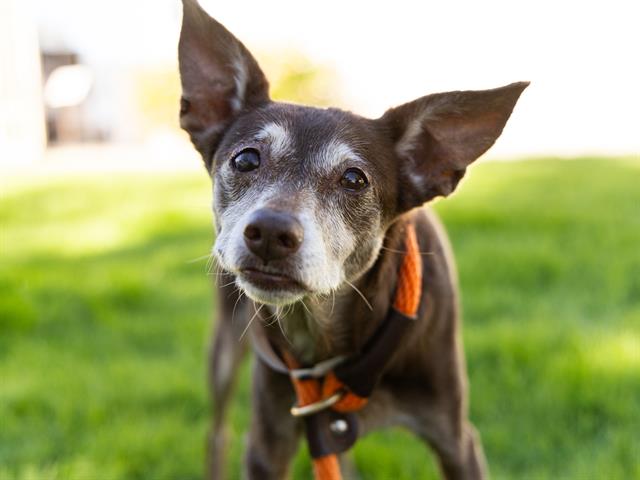 adoptable Dog in Phoenix, AZ named LUCKY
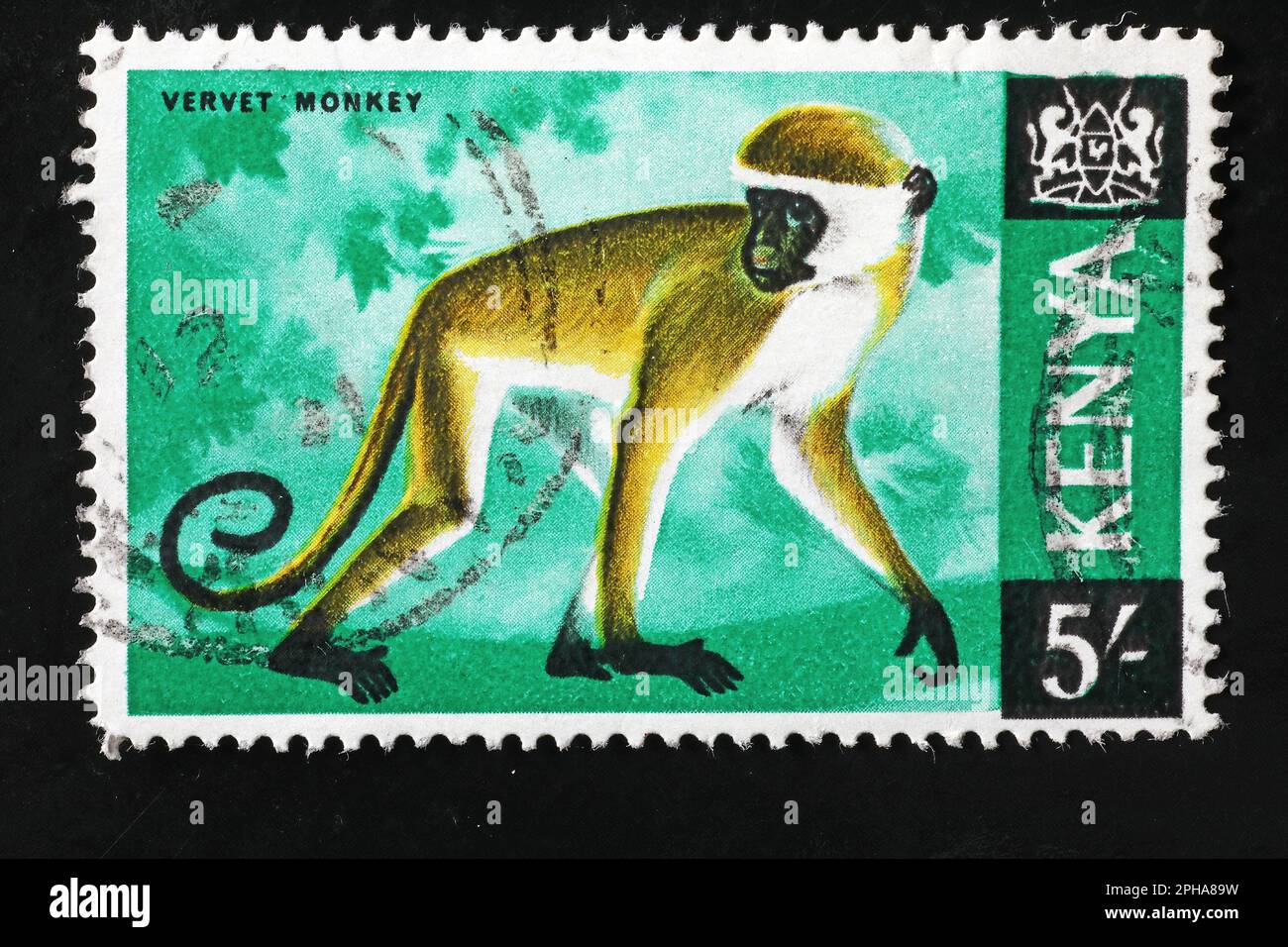 Vervet-Affe auf kenianischer Briefmarke Stockfoto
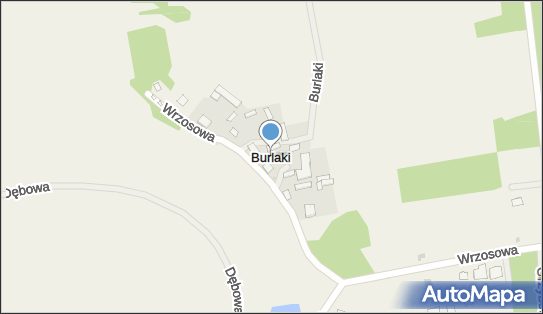 Burlaki, Burlaki - Inne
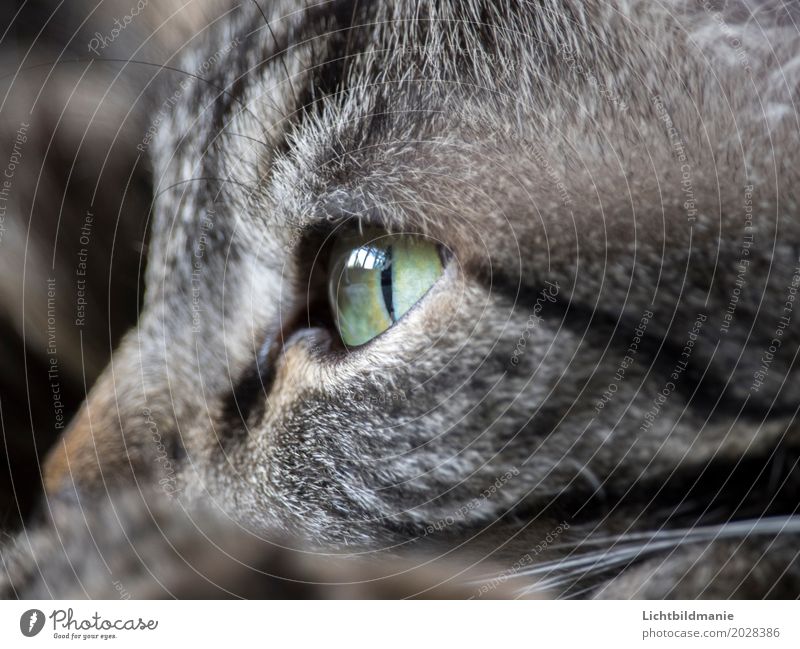 moment of rest Animal Pet Cat Animal face Pelt Cat eyes Tiger skin pattern Tabby cat Whisker Sense of touch Senses coat structure green eyes Contentment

● **Exercise**
Please retype the whole listing above exactly, without any of its images.

● **Expected output**
 adoptable Dog in Phoenix, AZ named LUCKY
 Vervet-Affe auf kenianischer Briefmarke Stockfoto
 Burlaki, Burlaki - Inne
 moment of rest Animal Pet Cat Animal face Pelt Cat eyes Tiger skin pattern Tabby cat Whisker Sense of touch Senses coat structure green eyes Contentment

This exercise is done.